Mais ce n’est que très récemment qu’une équipe de chercheurs allemands a réussi à mesurer précisément les endorphines sécrétées avant et après une séance de course à pied. Lors de cette expérience, ils ont fait passer une échographie à dix coureurs pour mesurer le niveau d’endorphines dans le cerveau. Ces athlètes ont ensuite couru pendant deux heures, puis ont repassé une nouvelle échographie. Résultat: le niveau d’endorphines avait augmenté de manière significative après la course.
COMMENT ÇA MARCHE ?
Pour résumer (et malheureusement simplifier), il faut pousser un peu la machine, mais pas trop non plus afin d’atteindre cet état de bien-être. Les endorphines sont sécrétées en réponse à l’inconfort provoqué par un effort en endurance. Cet effort ne doit pas être trop intensif et pas trop court non plus. C’est un effort intermédiaire compris entre l’endurance fondamentale et le seuil. Dans l’expérience menée par les chercheurs allemands, les coureurs devaient courir 2h à une allure comprise entre 6,20 et 7,30’/km, un effort finalement peu intensif mais suffisamment long. Les chercheurs ont donc déduit que la sécrétion d’endorphines intervenait plutôt dans la longueur, une séance trop courte ne procurait pas suffisamment d’inconfort pour la déclencher.
A contrario, un entrainement trop intensif va demander un effort tel que vous ne sentirez rien du tout, car l’exercice sera trop brutal. Ce qui expliquerait éventuellement pourquoi les coureurs débutants ne ressentent pas immédiatement cette ivresse du coureur de fond, il leur faut apprendre à trouver « le bon effort ». Pour finir, sachez qu’un entraînement en groupe pourrait peut-être favoriser la sécrétion d’endorphines (étude de l’université d’Oxford), tout comme la musique qui, semble-t-il, aurait aussi une influence sur ce processus.
N’OUBLIONS PAS LE THC
Pour complexifier encore la chose, d’autres recherches sont allées plus loin et ont mis en évidence que certaines substances chimiques jouaient un rôle tout aussi important. Des exercices prolongés provoqueraient un accroissement de substances chimiques cérébrales, dont certaines ne sont ni plus ni moins que des versions naturelles de substances plutôt surprenantes comme le THC, contenu notamment dans le cannabis (vous avez bien lu). Ces substances répondants aux doux noms d’endocannabinoïdes. Notre organisme produirait donc des molécules spécifiques qui nous aideraient à atteindre ce sentiment de calme et de détente.

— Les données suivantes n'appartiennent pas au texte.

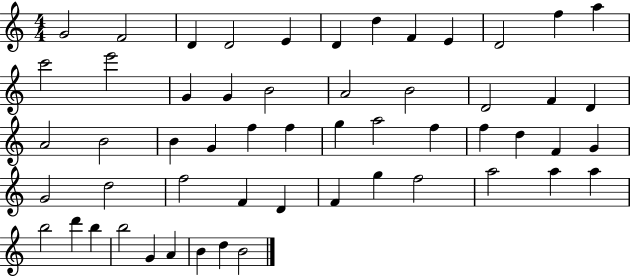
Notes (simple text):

G4/h F4/h D4/q D4/h E4/q D4/q D5/q F4/q E4/q D4/h F5/q A5/q C6/h E6/h G4/q G4/q B4/h A4/h B4/h D4/h F4/q D4/q A4/h B4/h B4/q G4/q F5/q F5/q G5/q A5/h F5/q F5/q D5/q F4/q G4/q G4/h D5/h F5/h F4/q D4/q F4/q G5/q F5/h A5/h A5/q A5/q B5/h D6/q B5/q B5/h G4/q A4/q B4/q D5/q B4/h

Contrairement aux endorphines qui ne peuvent être sécrétées que par certains neurones, à peu près n’importe quelle cellule de l’organisme est capable de fabriquer ces endocannabinoïdes, ce qui signifie qu’ils pourraient potentiellement avoir un impact plus important sur le cerveau. Pour finir, n’oublions pas non plus d’autres « ingrédients », appelées neurotransmetteurs, comme la noradrénaline, la dopamine ou la sérotonine, susceptibles d’augmenter ce sentiment d’euphorie. Bref, nous n’avons pas encore fini de découvrir toutes les conséquences, même les plus infimes, d’un simple jogging matinal.